Nonsacrificial Help To Others: Questions and Answers

by Dr. S. J. Adams

This post will respond to specific questions and objections raised to my previous post called Altruism and Mental Illness: Self-Sacrifice is Mind-Sacrifice. The primary point of that post was that one’s approach to ethics has implications for one’s psychological health.

Specifically, I argued that altruism, i.e., self-sacrifice, if accepted and committed to, leads to mental illness. It promotes a focus on, and self-sacrifice to, misery. Egoism, or rational self-interest, leads to mental health. It promotes a focus on personal happiness and achievement. One can use his mind to achieve his own rationally chosen values, or his mind can be put in the service of others’ needs.

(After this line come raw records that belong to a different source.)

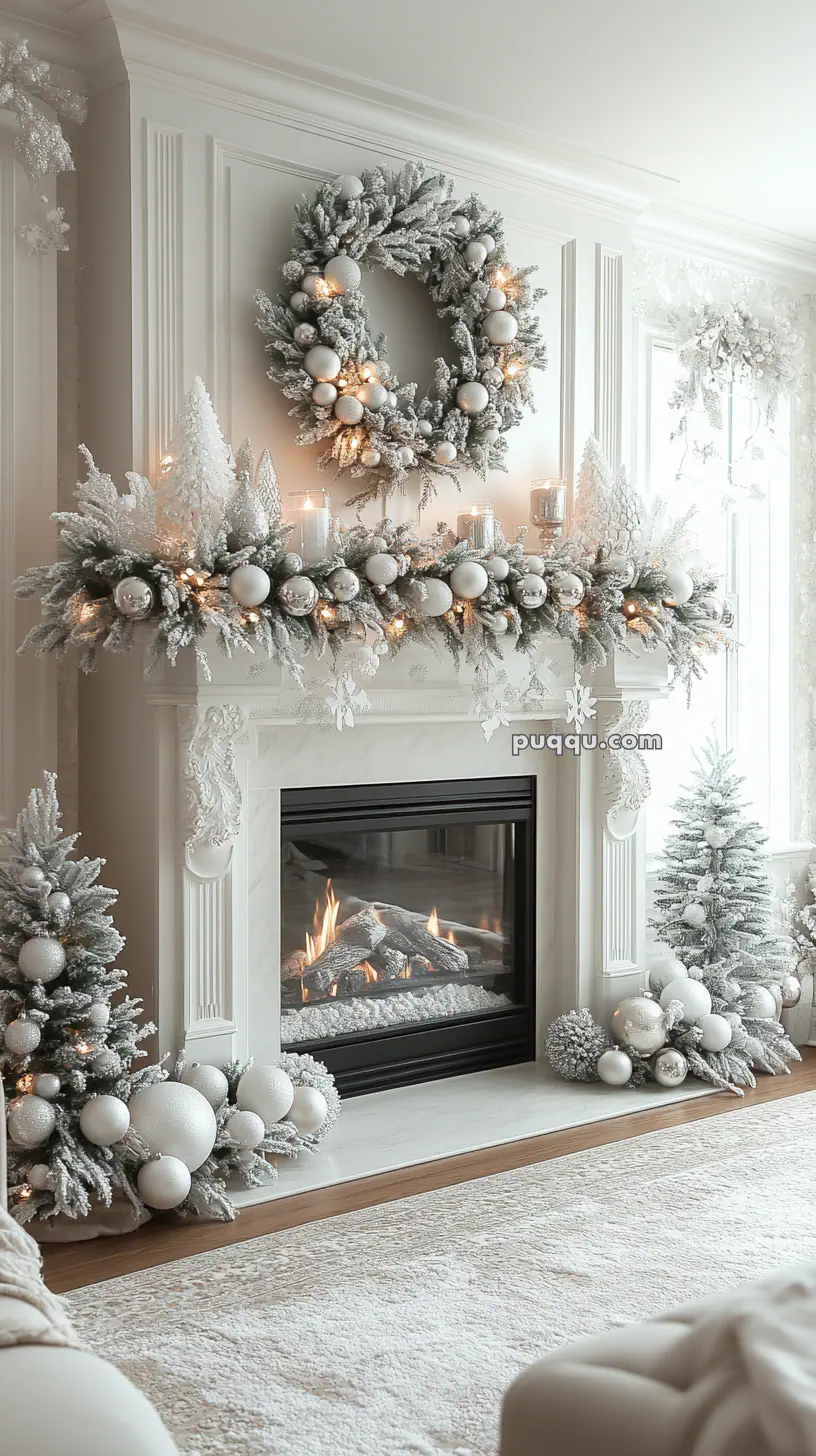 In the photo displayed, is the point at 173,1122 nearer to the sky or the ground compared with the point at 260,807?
nearer to the ground

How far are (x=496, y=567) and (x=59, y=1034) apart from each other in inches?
64.9

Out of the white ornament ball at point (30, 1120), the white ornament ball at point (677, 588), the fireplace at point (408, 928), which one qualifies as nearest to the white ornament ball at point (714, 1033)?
the fireplace at point (408, 928)

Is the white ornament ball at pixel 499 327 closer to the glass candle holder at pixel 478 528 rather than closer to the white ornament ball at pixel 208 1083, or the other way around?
the glass candle holder at pixel 478 528

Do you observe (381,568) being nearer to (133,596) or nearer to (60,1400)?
(133,596)

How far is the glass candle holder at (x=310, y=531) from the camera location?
11.0ft

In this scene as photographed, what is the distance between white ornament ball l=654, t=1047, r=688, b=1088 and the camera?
405cm

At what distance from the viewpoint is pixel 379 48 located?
3371 millimetres

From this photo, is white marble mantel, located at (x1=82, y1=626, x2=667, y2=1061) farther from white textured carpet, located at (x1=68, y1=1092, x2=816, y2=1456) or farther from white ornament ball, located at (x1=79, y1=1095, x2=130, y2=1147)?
white textured carpet, located at (x1=68, y1=1092, x2=816, y2=1456)

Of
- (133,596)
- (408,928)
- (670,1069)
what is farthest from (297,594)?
(670,1069)

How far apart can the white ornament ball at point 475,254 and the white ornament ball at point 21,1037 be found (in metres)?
2.45

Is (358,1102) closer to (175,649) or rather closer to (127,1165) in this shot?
(127,1165)

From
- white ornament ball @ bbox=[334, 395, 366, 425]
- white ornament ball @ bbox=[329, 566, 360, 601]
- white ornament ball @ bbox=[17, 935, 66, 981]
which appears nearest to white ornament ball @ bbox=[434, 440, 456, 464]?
white ornament ball @ bbox=[334, 395, 366, 425]

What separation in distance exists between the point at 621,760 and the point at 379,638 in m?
1.06

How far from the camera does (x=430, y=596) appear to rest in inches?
135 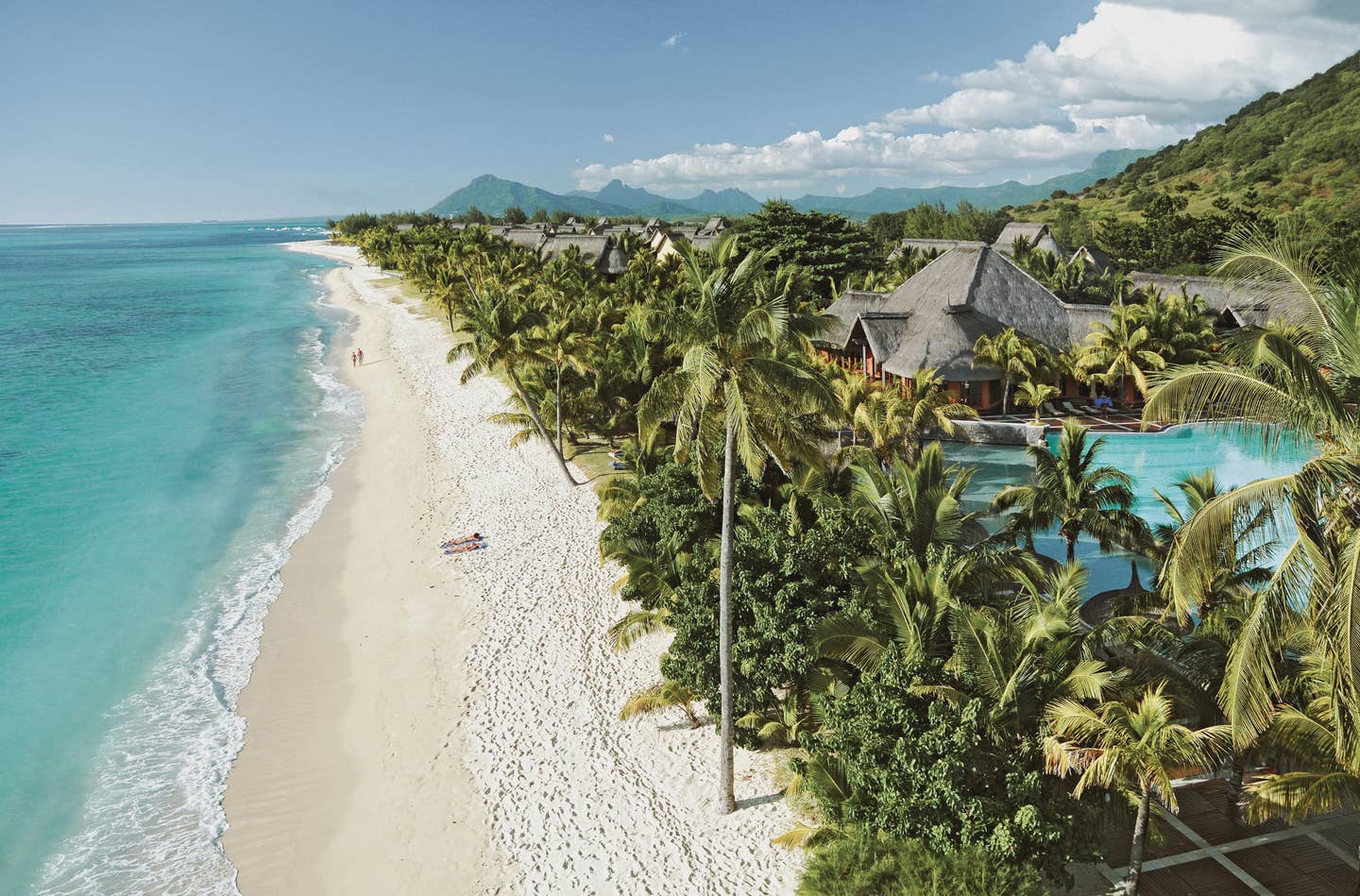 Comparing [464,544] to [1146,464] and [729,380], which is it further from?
[1146,464]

I also indicated that most people don’t fall on either extreme; they are mixed in regard to their core beliefs, including ethics, which leads to a mixed psychological result. Sometimes they will pursue their own interests and sometimes they will succumb to irrational guilt.

The specific questions or objections raised had in common the issue of how to distinguish between rationally self-interested and altruistic acts, as well as a challenge to the respective psychological results I indicate.

As context and a general answer to many of these questions, these issues are what Ayn Rand referred to as instances of “nonsacrificial help to others.” Bear in mind that a sacrifice is giving up something of higher value for something that is a lower value or a nonvalue. Giving up a pair of sneakers and getting $5,000 in return is not a sacrifice. Paying the $5,000, especially if it’s all the money you have, is.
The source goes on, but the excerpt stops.